On Thu, 2010-12-16 at 10:29 -0800, Javier Cardona wrote:
> + ifmsh->vendor_ie_len = setup->vendor_ie_len;
> + if (setup->vendor_ie_len) {
> + new_ie = kmalloc(setup->vendor_ie_len, GFP_KERNEL);
> + if (new_ie)
> + new_ie = memcpy(new_ie, setup->vendor_ie,
> + setup->vendor_ie_len);
kmemdup?
> @@ -287,6 +287,12 @@ void mesh_mgmt_ies_add(struct sk_buff *skb, struct ieee80211_sub_if_data *sdata)
> *pos++ |= sdata->u.mesh.accepting_plinks ?

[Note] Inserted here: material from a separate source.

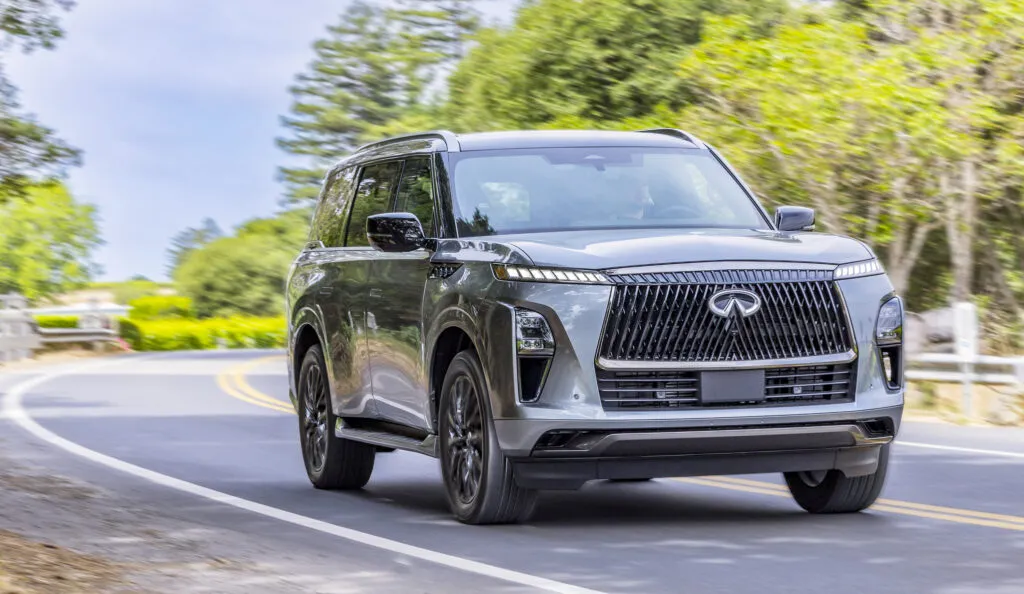 Right side hero shot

> MESHCONF_CAPAB_ACCEPT_PLINKS : 0x00;
> *pos++ = 0x00;
> +
> + if (sdata->u.mesh.vendor_ie) {
> + int len = sdata->u.mesh.vendor_ie_len;
> + const u8 *data = sdata->u.mesh.vendor_ie;
> + memcpy(skb_put(skb, len), data, len);
> + }
don't you have to account for the size of these in the skb allocation?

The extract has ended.